%%

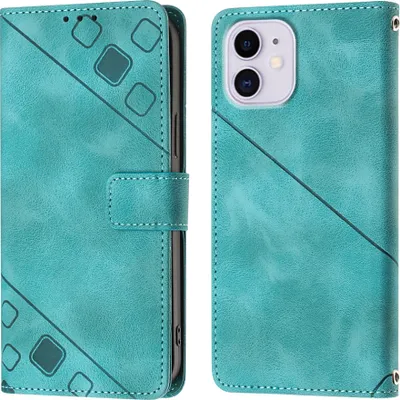 Produktbild von Hülle für iPhone 11 Prägung Flip Leder Brieftasche Schutzhülle mit Ständer Grün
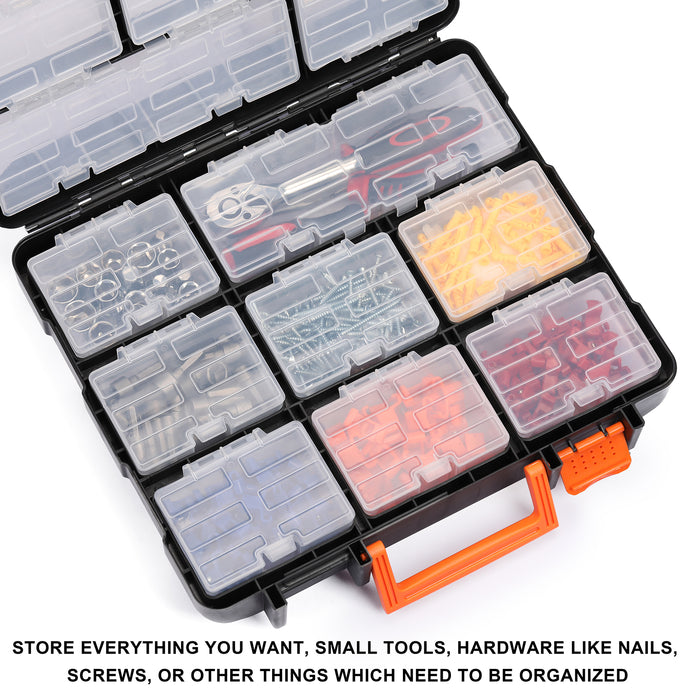 CASOMAN Tool Organizer with Removable Plastic Box Hardware & Parts Organizers, Versatile and Durable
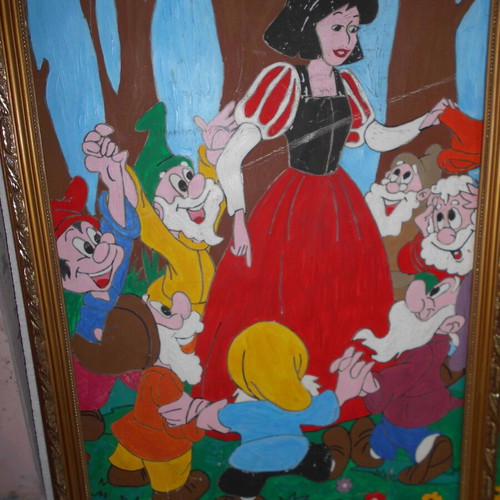 Large surface painting and frame used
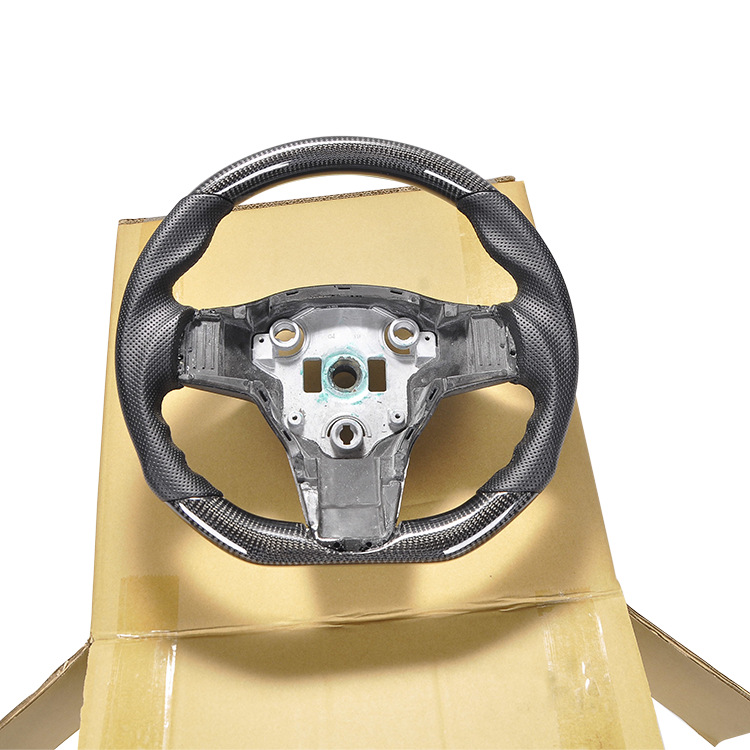 100% Real Carbon Fiber Forged Steering Wheel with Black Perforated Leather and Black Stitching - For Tesla Model Y - Modification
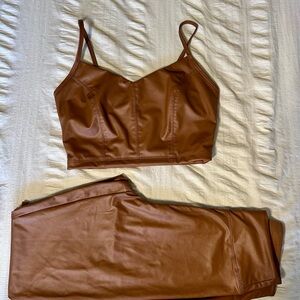 Brown Faux Leather Crop Top and Pants Set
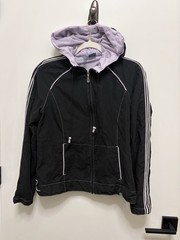 Vintage Fuda black & lavender windbreaker jacket with hood and zipper pockets M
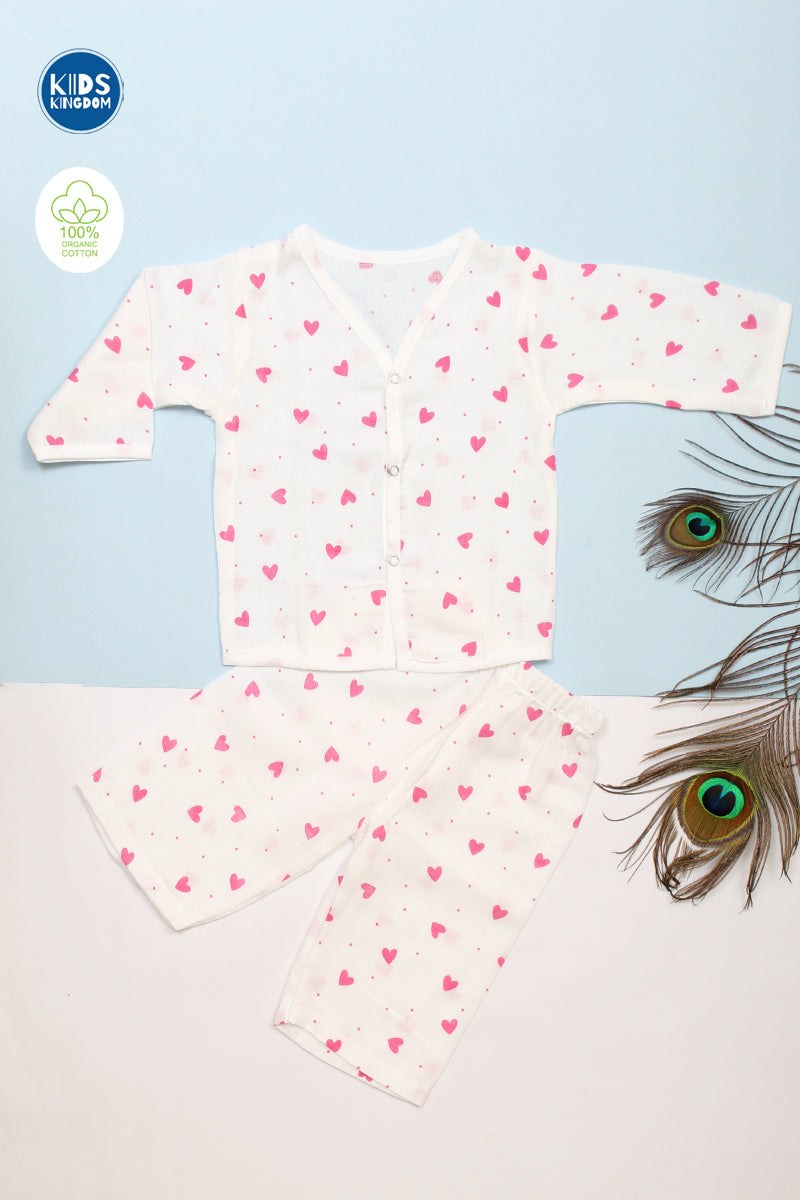 Muslin Night Suit Pink Heart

%%

● Your goal: From the line containing "Brown Faux Leather Crop Top and Pants Set" through the final line of the listing above, reproduce every line exactly, with no pictures.

● Completed exercise:
 Brown Faux Leather Crop Top and Pants Set
 Vintage Fuda black & lavender windbreaker jacket with hood and zipper pockets M
 Muslin Night Suit Pink Heart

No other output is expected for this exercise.